### DATA UNDER STUDY
◆ ◆ ◆ ◆

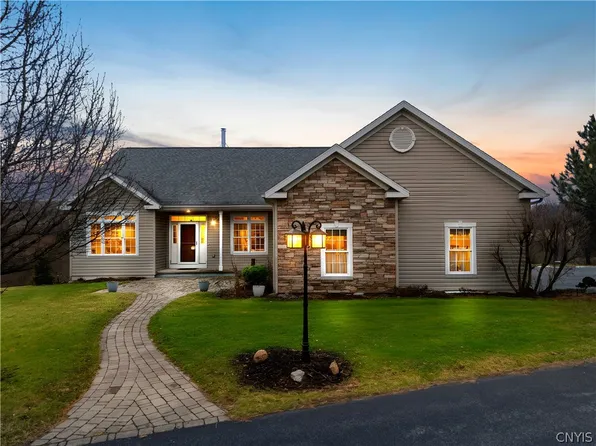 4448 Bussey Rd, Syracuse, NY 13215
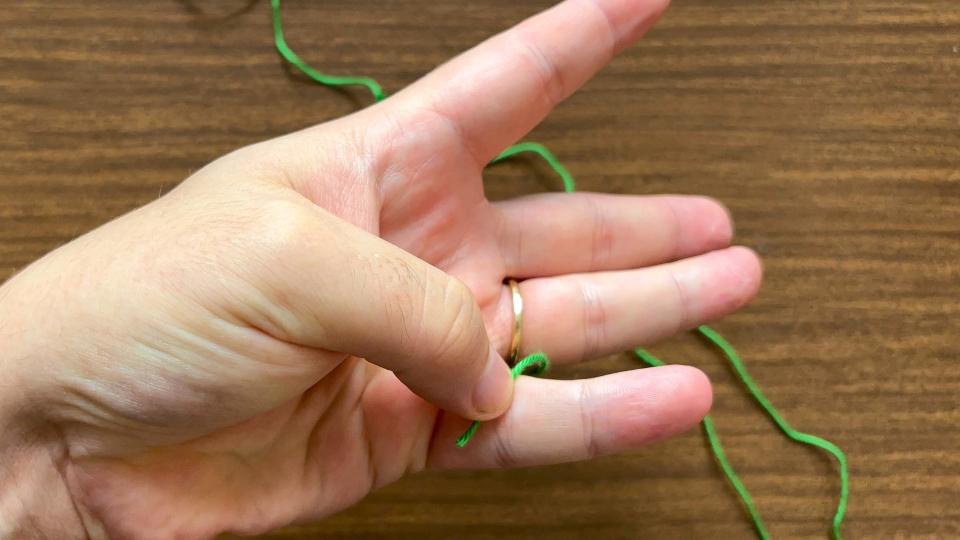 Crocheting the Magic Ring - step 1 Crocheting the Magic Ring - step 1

◆ ◆ ◆ ◆

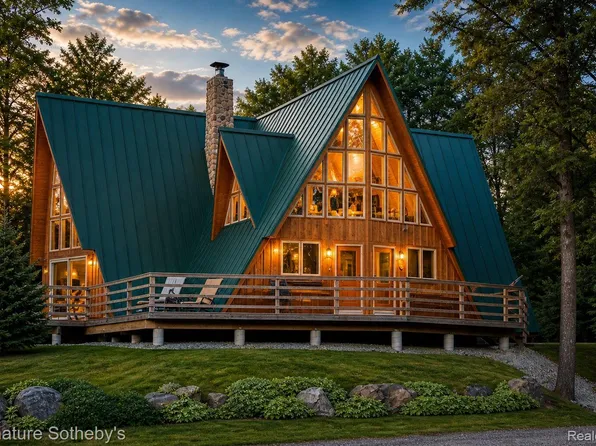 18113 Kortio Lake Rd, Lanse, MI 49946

◆ ◆ ◆ ◆

### TO DO
Look above for the line with "4448 Bussey Rd, Syracuse, NY 13215" and the line with "Crocheting the Magic Ring - step 1 Crocheting", then copy exactly the lines from the first through the second, both kept, with no pictures.

### ANSWER SECTION
 4448 Bussey Rd, Syracuse, NY 13215
 Crocheting the Magic Ring - step 1 Crocheting the Magic Ring - step 1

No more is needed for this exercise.